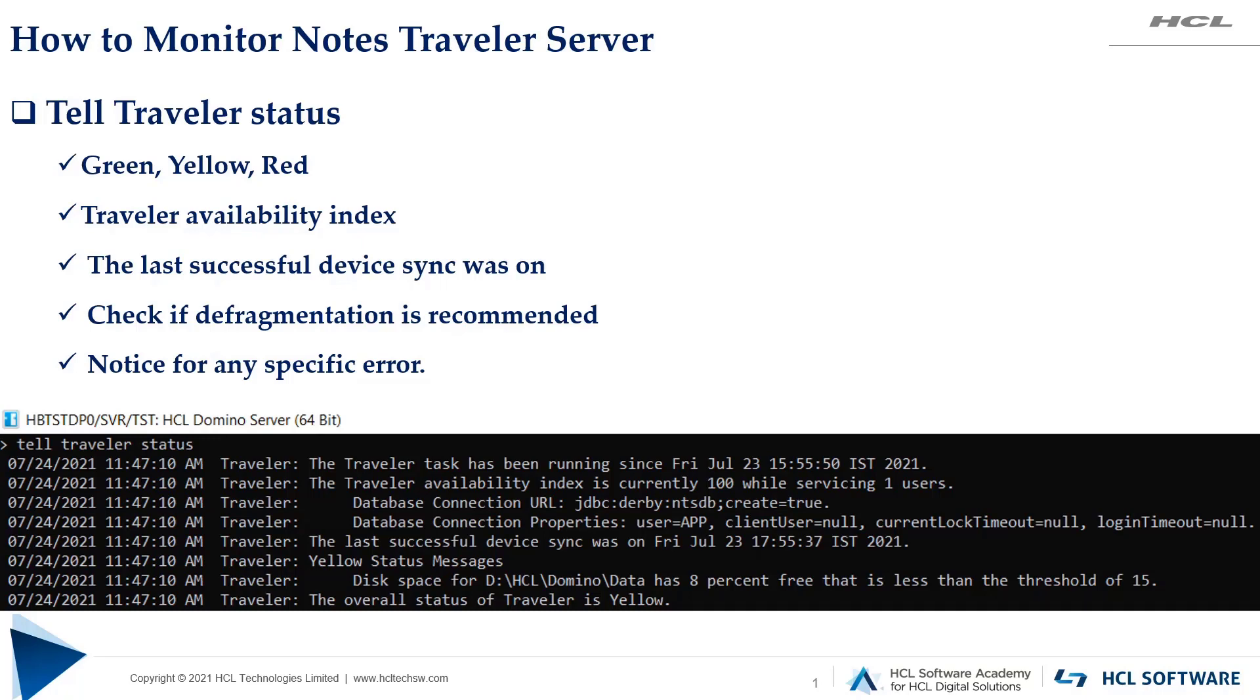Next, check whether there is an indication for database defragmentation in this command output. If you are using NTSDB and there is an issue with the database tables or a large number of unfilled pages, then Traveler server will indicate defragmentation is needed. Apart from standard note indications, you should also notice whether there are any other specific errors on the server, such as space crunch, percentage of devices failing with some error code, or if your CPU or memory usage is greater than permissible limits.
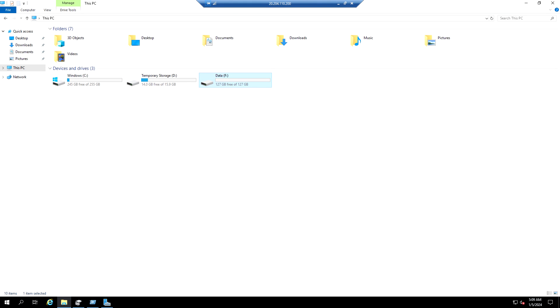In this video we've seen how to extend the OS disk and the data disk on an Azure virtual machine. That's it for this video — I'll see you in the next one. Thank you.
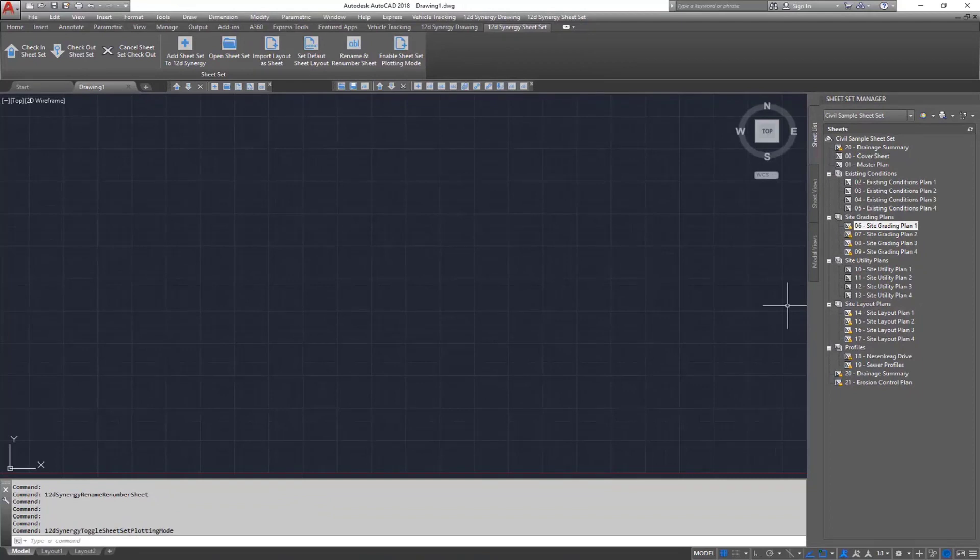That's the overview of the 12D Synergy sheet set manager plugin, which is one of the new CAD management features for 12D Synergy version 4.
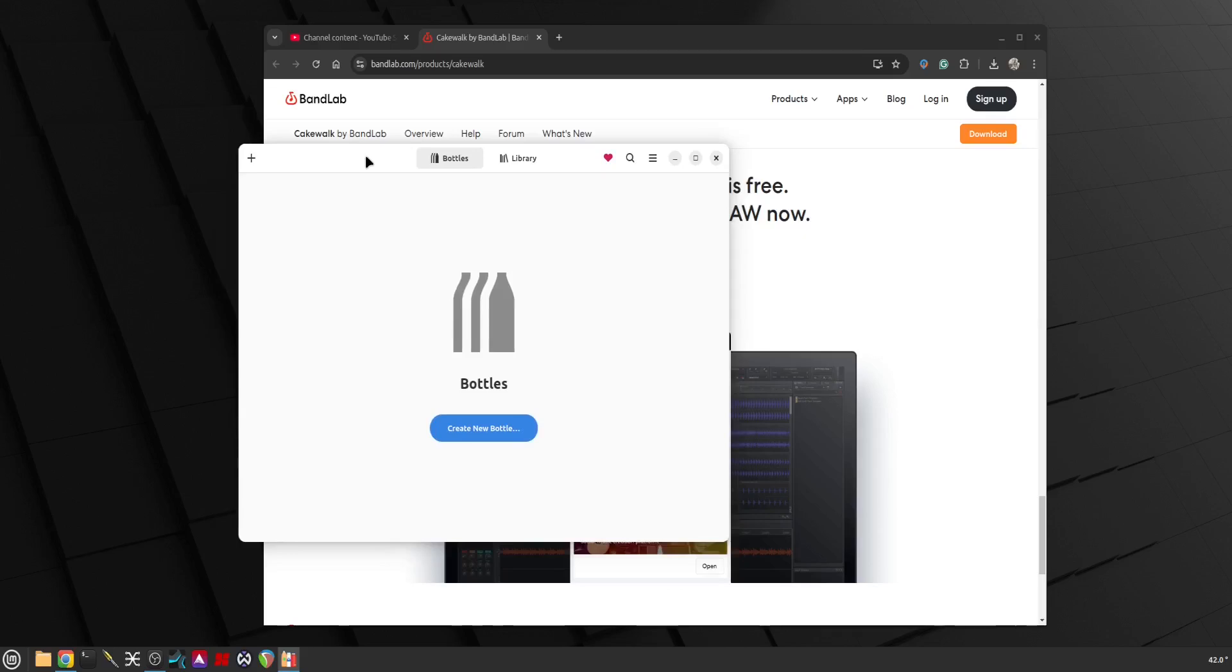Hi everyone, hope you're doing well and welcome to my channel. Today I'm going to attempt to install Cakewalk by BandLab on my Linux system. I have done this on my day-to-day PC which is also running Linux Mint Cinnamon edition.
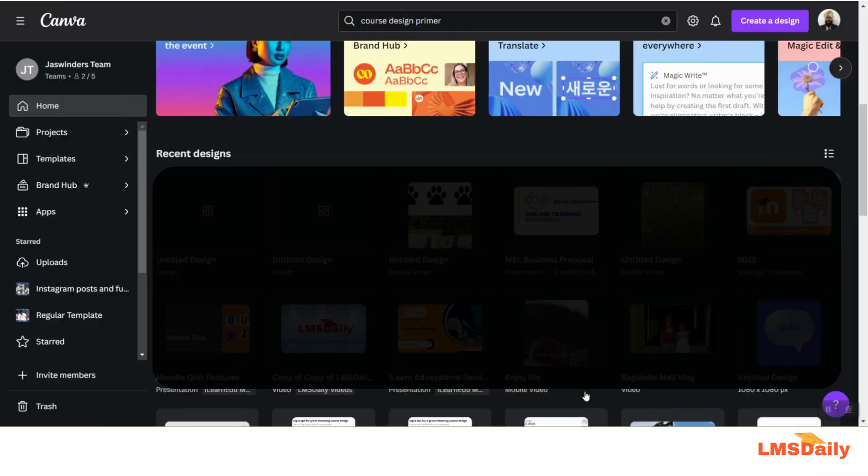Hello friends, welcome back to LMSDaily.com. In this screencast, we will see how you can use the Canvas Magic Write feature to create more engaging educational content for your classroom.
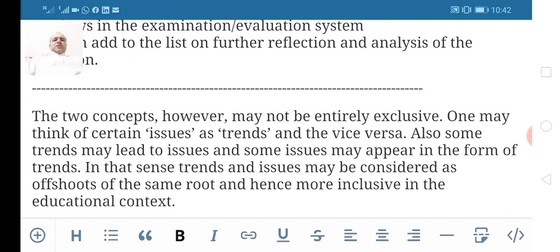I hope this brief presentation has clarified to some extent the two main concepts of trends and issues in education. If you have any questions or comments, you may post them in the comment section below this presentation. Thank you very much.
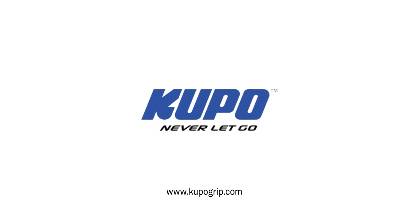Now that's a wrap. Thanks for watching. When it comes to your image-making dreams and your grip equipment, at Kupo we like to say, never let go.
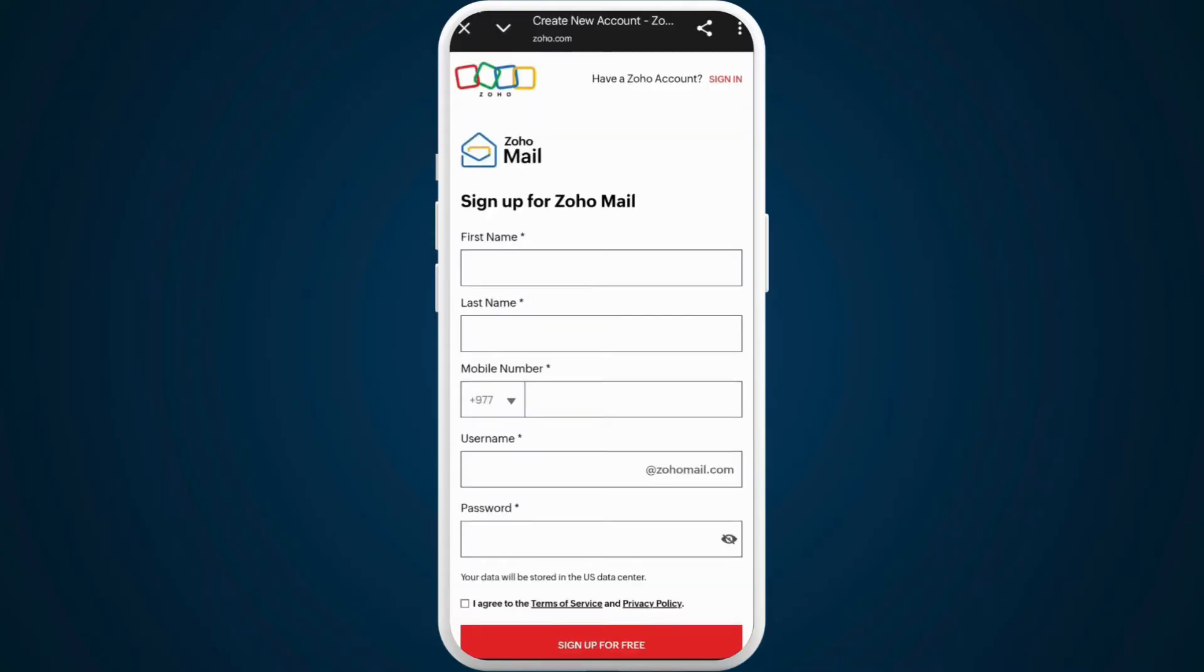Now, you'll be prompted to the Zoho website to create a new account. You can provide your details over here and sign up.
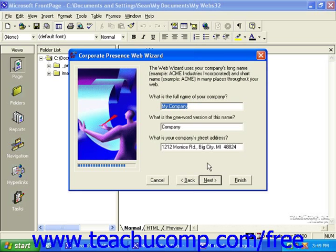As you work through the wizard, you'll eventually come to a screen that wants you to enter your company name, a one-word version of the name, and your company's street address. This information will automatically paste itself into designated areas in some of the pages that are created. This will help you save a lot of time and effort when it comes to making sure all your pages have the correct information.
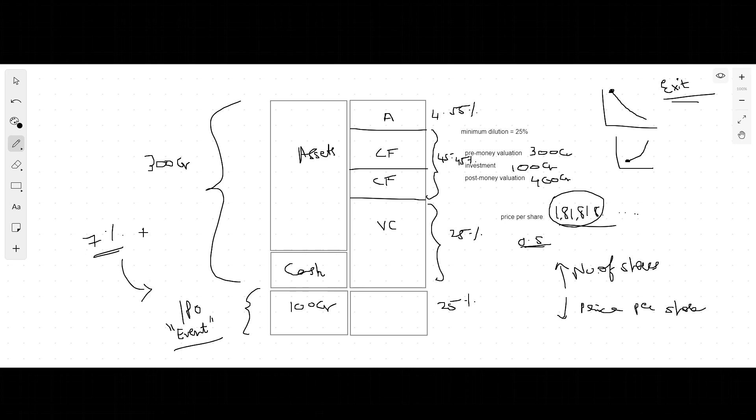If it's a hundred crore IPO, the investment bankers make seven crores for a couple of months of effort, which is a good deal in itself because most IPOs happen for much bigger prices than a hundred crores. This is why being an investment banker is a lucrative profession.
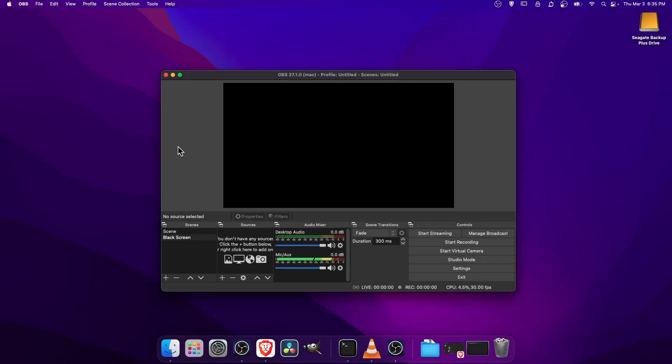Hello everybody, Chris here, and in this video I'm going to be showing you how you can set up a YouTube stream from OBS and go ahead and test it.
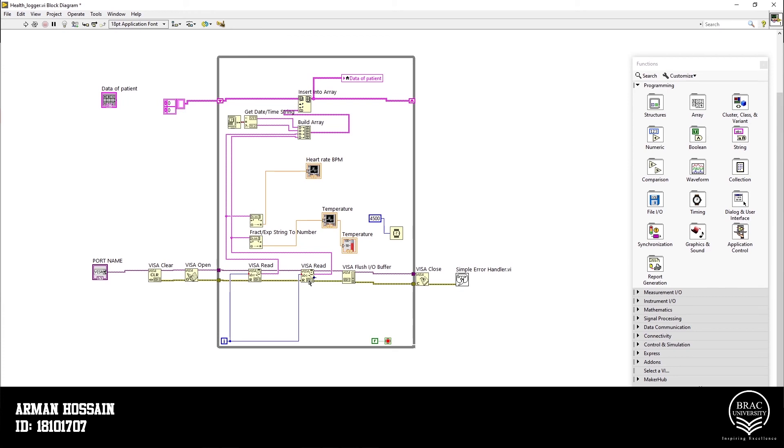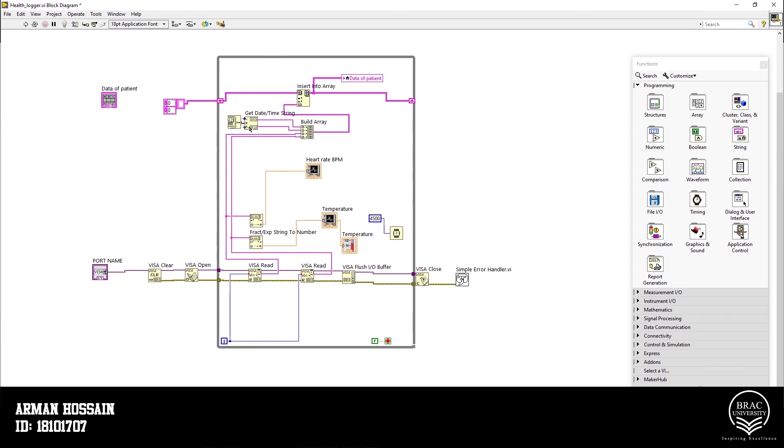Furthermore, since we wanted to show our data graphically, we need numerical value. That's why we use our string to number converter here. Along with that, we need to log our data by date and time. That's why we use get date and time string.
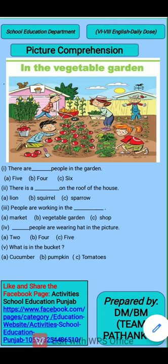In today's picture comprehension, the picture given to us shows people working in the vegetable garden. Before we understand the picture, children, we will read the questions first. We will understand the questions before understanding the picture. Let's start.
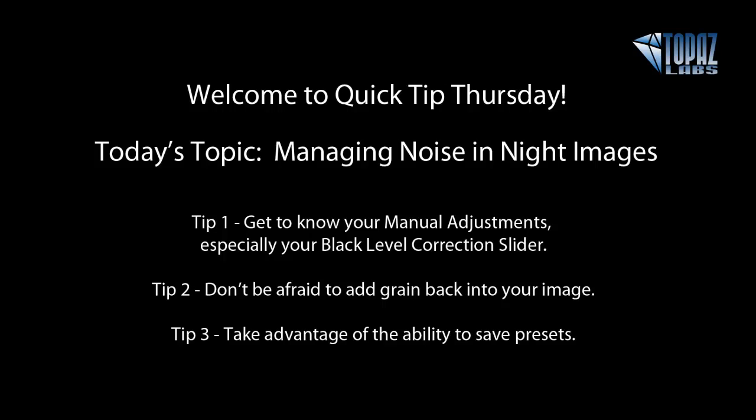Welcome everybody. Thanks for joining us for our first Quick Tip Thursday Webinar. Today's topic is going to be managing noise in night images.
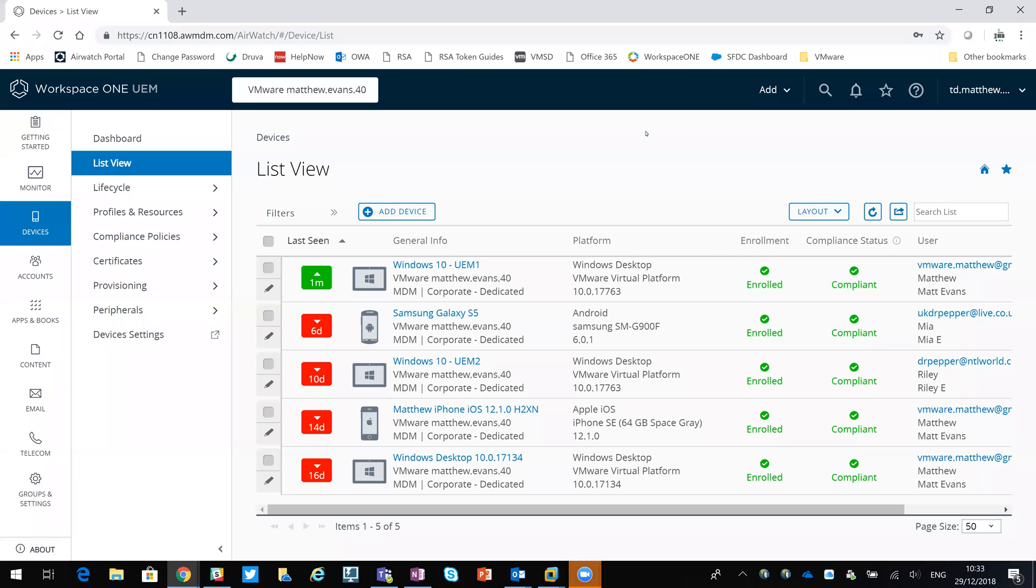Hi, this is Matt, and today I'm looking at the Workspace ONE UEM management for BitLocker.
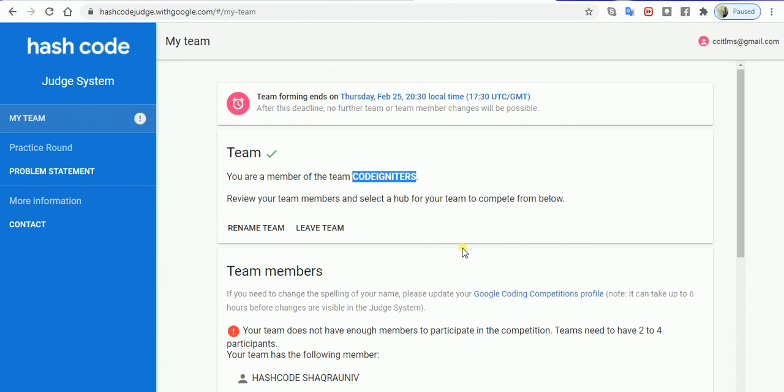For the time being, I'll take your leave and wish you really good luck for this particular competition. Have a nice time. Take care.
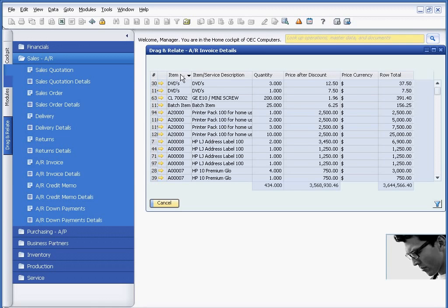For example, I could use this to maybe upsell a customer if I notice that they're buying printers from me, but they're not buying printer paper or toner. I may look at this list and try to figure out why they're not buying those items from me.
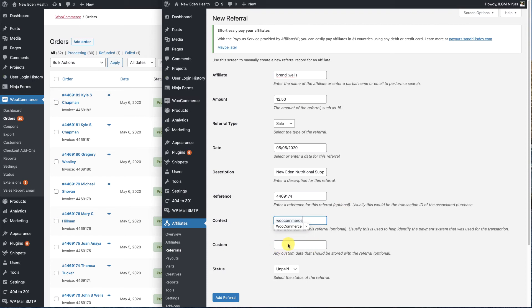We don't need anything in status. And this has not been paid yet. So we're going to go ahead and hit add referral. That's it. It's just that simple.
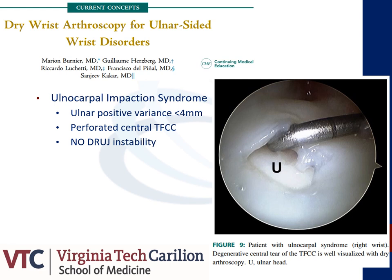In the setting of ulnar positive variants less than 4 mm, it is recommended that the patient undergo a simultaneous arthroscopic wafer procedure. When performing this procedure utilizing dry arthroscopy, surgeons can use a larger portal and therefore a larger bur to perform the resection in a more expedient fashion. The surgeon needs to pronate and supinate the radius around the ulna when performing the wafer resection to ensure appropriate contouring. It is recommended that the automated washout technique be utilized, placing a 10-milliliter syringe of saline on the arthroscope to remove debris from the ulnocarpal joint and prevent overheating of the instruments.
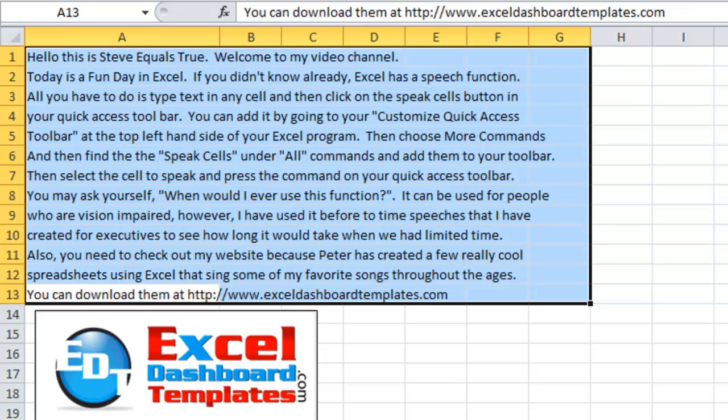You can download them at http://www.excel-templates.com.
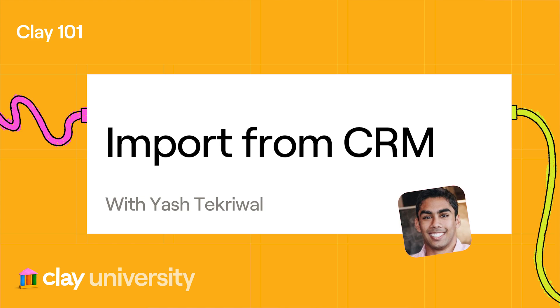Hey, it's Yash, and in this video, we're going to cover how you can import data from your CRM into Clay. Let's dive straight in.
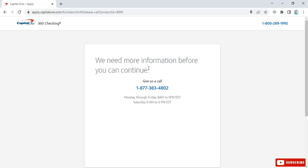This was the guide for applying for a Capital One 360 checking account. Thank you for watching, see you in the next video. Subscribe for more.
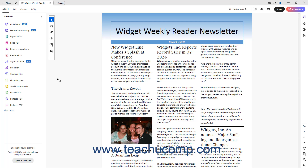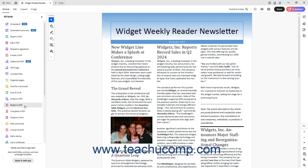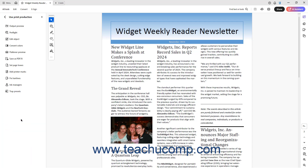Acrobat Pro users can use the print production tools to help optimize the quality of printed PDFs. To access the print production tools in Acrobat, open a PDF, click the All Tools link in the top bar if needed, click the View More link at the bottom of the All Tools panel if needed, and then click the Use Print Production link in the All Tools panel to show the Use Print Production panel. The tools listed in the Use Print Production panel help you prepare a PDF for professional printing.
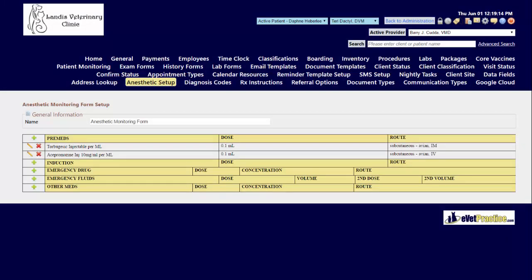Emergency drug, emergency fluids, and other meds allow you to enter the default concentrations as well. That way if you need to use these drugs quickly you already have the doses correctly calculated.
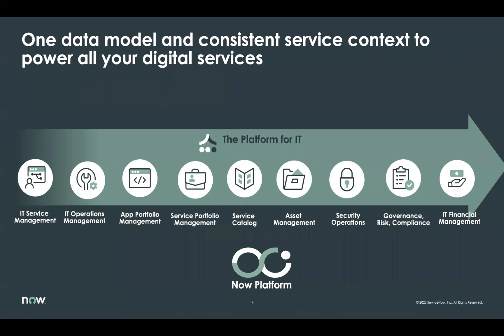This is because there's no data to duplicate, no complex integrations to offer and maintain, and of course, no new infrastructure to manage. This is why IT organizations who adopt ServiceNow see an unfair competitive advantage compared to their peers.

### The task:
A clean copy is needed of the lines above from the one with "Hi everyone, hope" up to and including the one with "Hello friends, welcome". Please set it down exactly, with no pictures.

### Result of this task:
Hi everyone, hope you're doing well and welcome to my channel. Today I'm going to attempt to install Cakewalk by BandLab on my Linux system. I have done this on my day-to-day PC which is also running Linux Mint Cinnamon edition.
Hello friends, welcome back to LMSDaily.com. In this screencast, we will see how you can use the Canvas Magic Write feature to create more engaging educational content for your classroom.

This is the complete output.